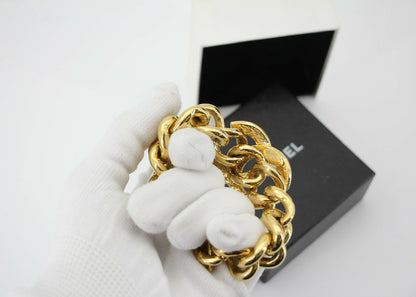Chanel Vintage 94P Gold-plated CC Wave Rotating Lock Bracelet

|---|

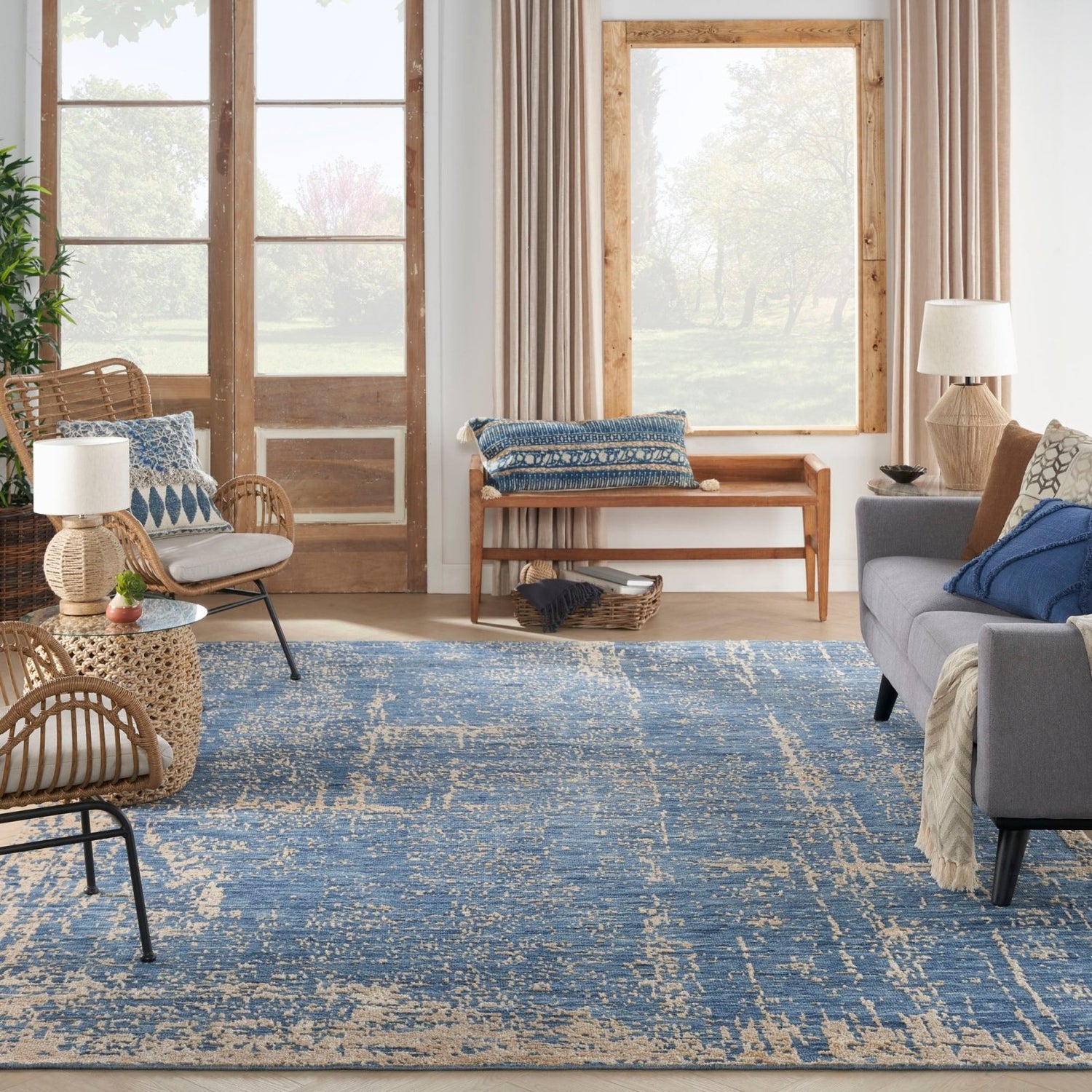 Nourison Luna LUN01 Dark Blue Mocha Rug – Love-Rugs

|---|

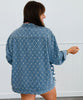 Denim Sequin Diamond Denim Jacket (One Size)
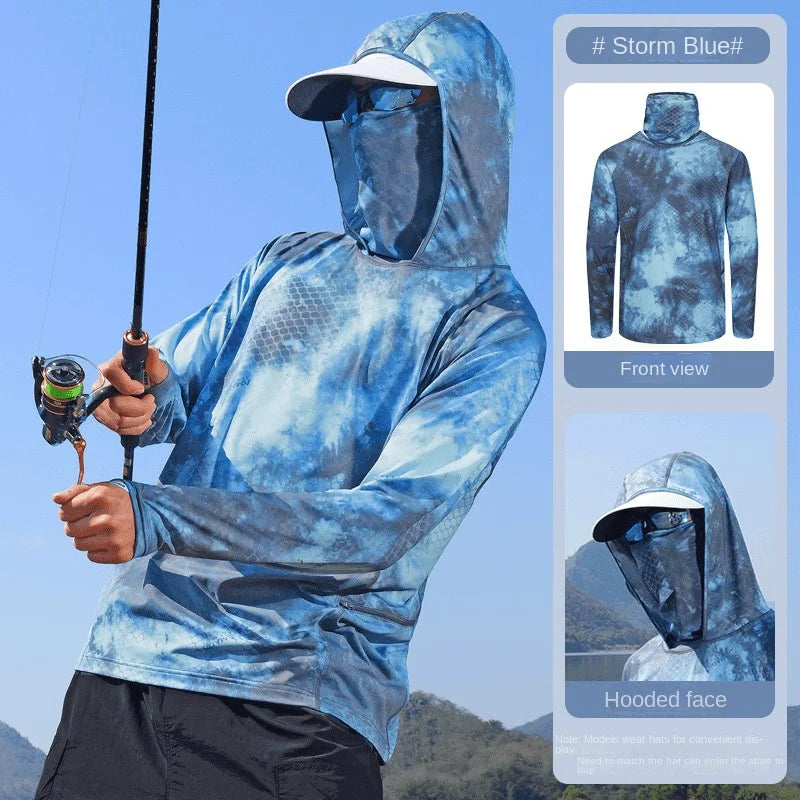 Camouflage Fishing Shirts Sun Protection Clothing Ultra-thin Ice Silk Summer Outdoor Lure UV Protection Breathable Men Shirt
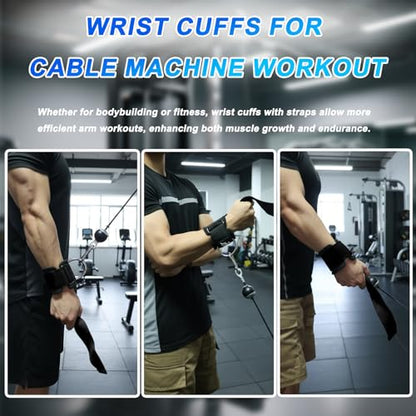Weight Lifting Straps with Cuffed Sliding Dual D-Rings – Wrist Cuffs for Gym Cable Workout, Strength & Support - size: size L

|---|

Aim of the exercise -> Above, find the line holding "Denim Sequin Diamond Denim Jacket (One Size)" and the line holding "Weight Lifting Straps". Print exactly those two lines and every line between them, but no pictures.

Reply ->
 Denim Sequin Diamond Denim Jacket (One Size)
 Camouflage Fishing Shirts Sun Protection Clothing Ultra-thin Ice Silk Summer Outdoor Lure UV Protection Breathable Men Shirt
Weight Lifting Straps with Cuffed Sliding Dual D-Rings – Wrist Cuffs for Gym Cable Workout, Strength & Support - size: size L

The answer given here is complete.